M. Le Franc a appelé ceux qui ont constitué des "groupes de protection" pour protéger leurs quartiers "à garder espoir" et "à ne pas commettre l'irréparable", qui provoquerait "un embrasement général".

\- "Retrait immédiat" du texte -

Pour la population, se déplacer, acheter des produits de première nécessité et se soigner devient plus difficile chaque jour. Les nombreux obstacles à la circulation compliquent la logistique pour approvisionner les magasins, surtout dans les quartiers les plus défavorisés.

Les mesures exceptionnelles de l'état d'urgence sont maintenues, à savoir le couvre-feu entre 18h00 et 6h00 locales, l'interdiction des rassemblements, du transport d'armes, de la vente d'alcool et le bannissement de l'application TikTok.

La réforme constitutionnelle qui a mis le feu aux poudres vise à élargir le corps électoral des scrutins provinciaux, au risque de marginaliser "encore plus le peuple autochtone kanak", selon les indépendantistes. Elle a été adoptée à Paris par les députés, après les sénateurs, dans la nuit de mardi à mercredi.

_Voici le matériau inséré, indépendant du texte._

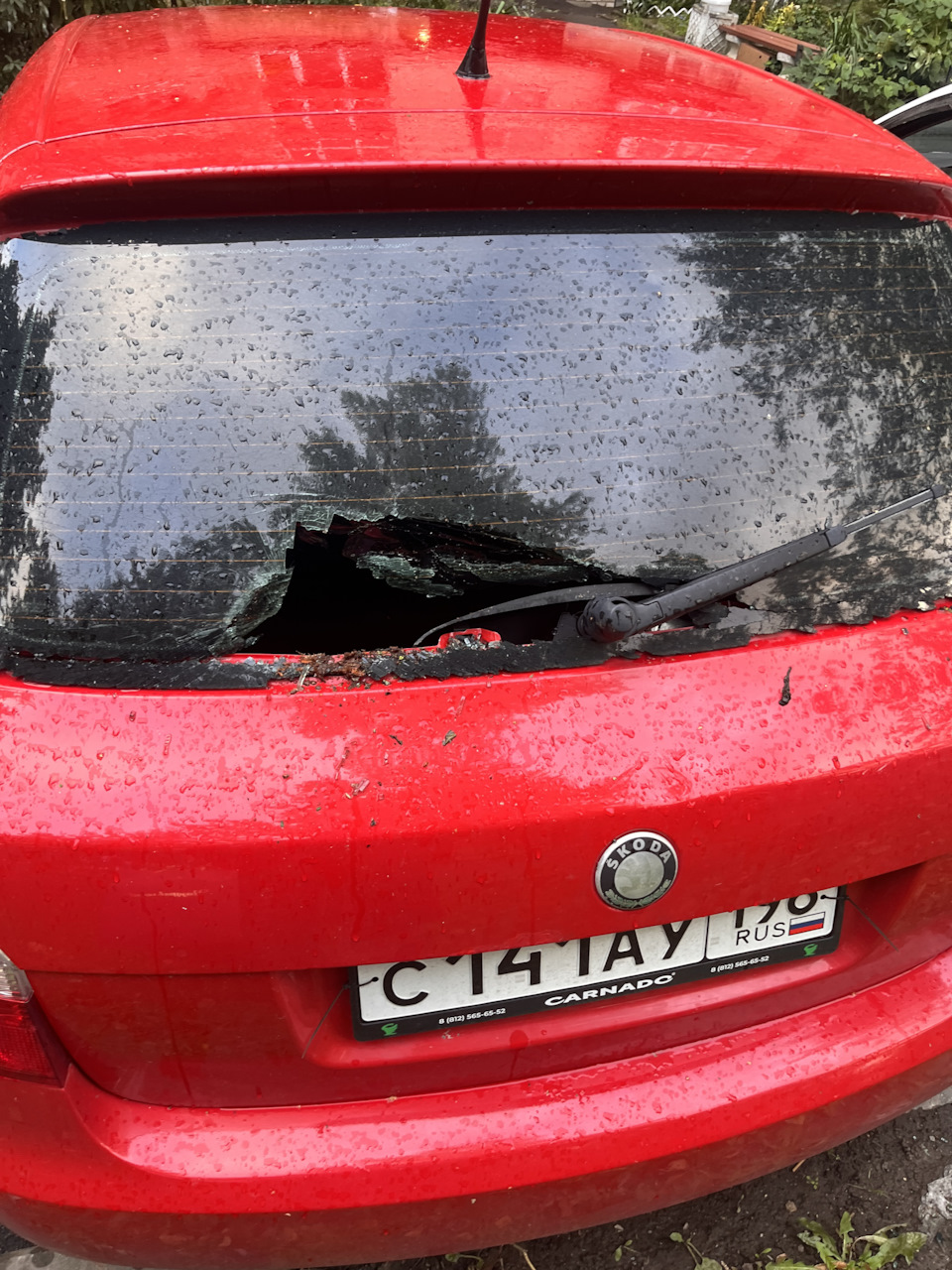 Заднее стекло. — Skoda Fabia Mk2, 1,6 л, 2010 года | визит на сервис ...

Ce texte devra encore être voté par les parlementaires réunis en Congrès, sauf si un accord sur un texte global entre indépendantistes et loyalistes intervient avant.

Les présidents de quatre exécutifs de l'outre-mer français, la Réunion dans l'océan Indien, les îles antillaises de Guadeloupe et de Martinique, et la Guyane en Amérique du Sud, ont demandé dimanche son "retrait immédiat".

"Seule la réponse politique mettra fin à la montée des violences et empêchera la guerre civile", écrivent-ils dans une tribune.

A Paris, la présidente de l'Assemblée, son homologue du Sénat et des parlementaires de tous bords politiques ont demandé vendredi une mission de dialogue pour apaiser la crise.

Mais le consensus semblait moins net sur un report de la date de convocation du Congrès, réclamé dimanche par l'ex-Premier ministre Manuel Valls.

Signe d'une situation qui pourrait durer, le passage de la flamme olympique des JO de Paris, prévu le 11 juin sur l'île, a été annulé.